The banner displayed above this sentence is a "Google AdSense" advertising
Those Google programs can "mark" each visiting browser with a unique cookie stored in it. Upon each browsing of such a Google-instrumented web "page" the triggered Google program can read and write cookies, then record in one of Google's databases that "the browser storing this cookie browsed this URL, at this date". This enables Google to track the visitor, to know about his browsing habits (which 'pages' did he read? when? how long? on which links did he click? where is the visitor (various commercial services map many IP addresses to countries/cities)...). On many cases Google even has the visitor's identity because he registered on some Google offering (thus enriching the informations in Google databases associated to his/her Google 'cookie'). Even without being able to obtain the visitor's identity, Google knows that "the browser used to view this site on this date was also used to view this other one".

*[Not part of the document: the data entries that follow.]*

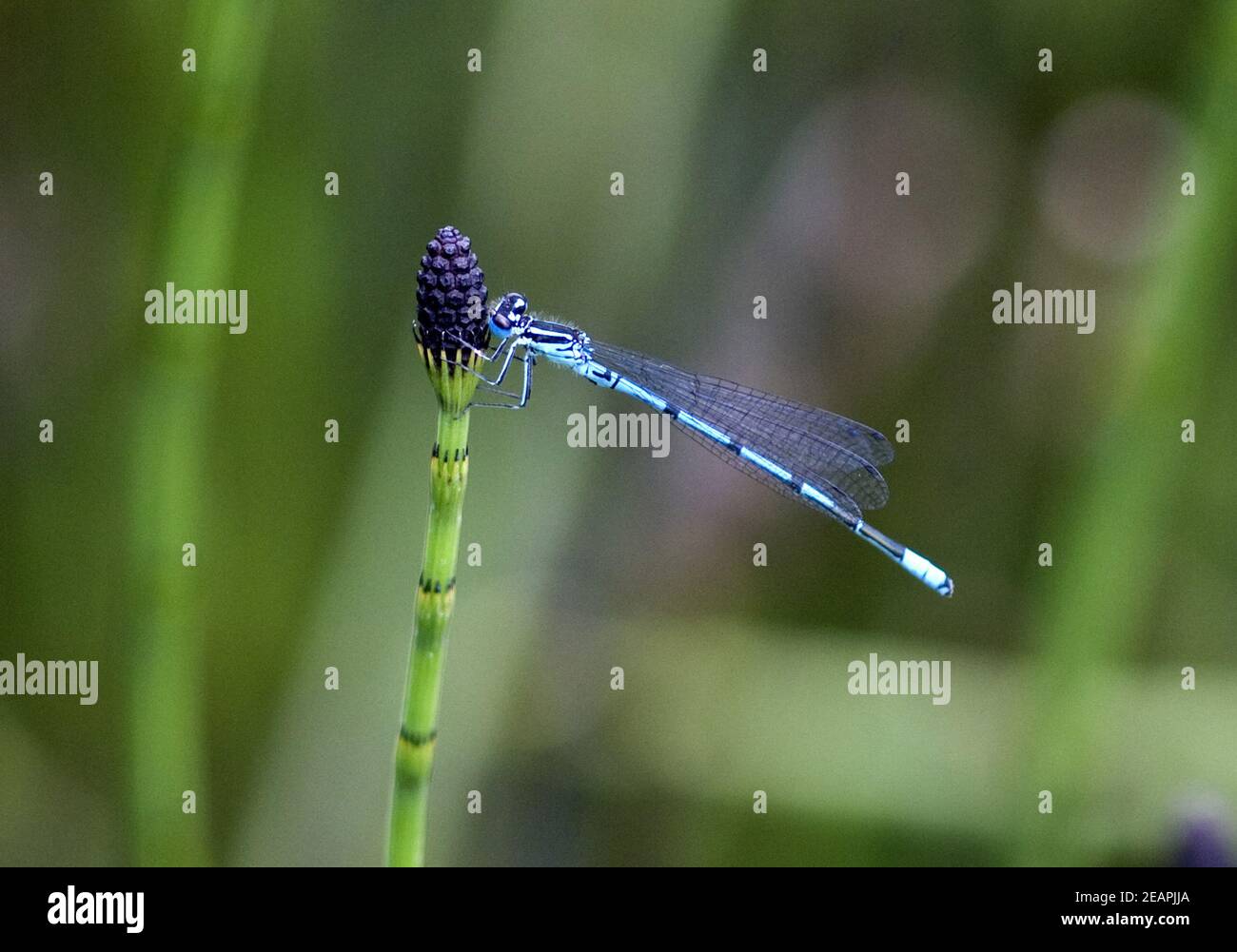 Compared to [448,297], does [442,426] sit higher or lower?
lower

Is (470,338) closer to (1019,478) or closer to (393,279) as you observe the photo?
(393,279)

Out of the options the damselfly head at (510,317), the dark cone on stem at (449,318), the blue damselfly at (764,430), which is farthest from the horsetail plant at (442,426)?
the blue damselfly at (764,430)

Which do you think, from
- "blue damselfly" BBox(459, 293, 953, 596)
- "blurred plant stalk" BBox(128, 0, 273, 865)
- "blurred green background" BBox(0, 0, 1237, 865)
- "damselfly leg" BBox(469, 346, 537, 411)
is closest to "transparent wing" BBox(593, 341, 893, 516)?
"blue damselfly" BBox(459, 293, 953, 596)

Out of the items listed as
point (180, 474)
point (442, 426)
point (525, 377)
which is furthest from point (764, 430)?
point (442, 426)

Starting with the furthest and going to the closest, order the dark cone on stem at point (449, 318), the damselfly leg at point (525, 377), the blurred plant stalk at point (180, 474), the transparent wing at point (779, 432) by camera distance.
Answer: the transparent wing at point (779, 432) → the damselfly leg at point (525, 377) → the blurred plant stalk at point (180, 474) → the dark cone on stem at point (449, 318)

This tracking is efficient because the typical Web user uses "his own browser" (his own set of browser configuration and data files, actually). In other words: very few persons "share" a single browser setup or often purge the cookies stored in their browsers (because it is somewhat inconvenient as, for example, it forbids accessing to some websites).
Many visitor-tracking programs, on many websites, do track visitors. But no one seems to be as pervasive as Google's.
Google mainly earns money thanks to their AdWords offering (selling ad banners), which uses AdSense. For now AdSense populates an ad banner by links to sites which use terms also used in the web "page" where the banner is to be displayed. The reasoning is "if the visitor landed here, the very topic of this document is of interest to him, therefore any related advertising is pertinent".
In order to accurately choose banners, Google advertising software may gain from quickly knowing the somewhat changing preferred topics of any visitor, along with their relative importances.
How can Google gain more intelligence, faster, on a large portion of all Web users of all types?
The most prominent one is Wikipedia which, albeit being far from perfect (beware: document written in French), attracts experts (wanting to check any information published), vendors (searching for hints and promotion) and Web users (looking for information) altogether.
Google can not hope that Wikipedia web servers administrators will let them track the visitors but knows that this can be done without any intrusive action by hosting it (meaning: letting the website run on Google's resources, by providing machines, network connection and some human work), enabling them to listen to all network traffic. Google will be able to collect various information (visitors IP and mail addresses, browsers characteristics, Wikipedia cookies...), very useful to track the visitors and both "leveraged by" and "leveraging" similar information collected by other means, enabling Google, for example, to enhance visitor's identification. This is of interest even if Google hosts a small subset of Wikipedia webservers and proxy cache servers (because of the round-robbin setup), and doing it adequately can lead it to manage all of them, thus obtaining all visitors information.
The Google indexer (search service) already masters a fair part (probably at least than 30%) of Wikipedia incoming traffic (this leadership was clear in 2002 and there is no reason to think that this trend ended), but it simply cannot fetch intelligence on what a visitor does as soon as he interacts with Wikipedia's interface. Worse: Google cannot know even on which article a visitor lands either:
Google cannot hope tracking this through AdSense because most contributors don't want advertising. Analytics may do the job but Wikipedia admins don't seem to be interested.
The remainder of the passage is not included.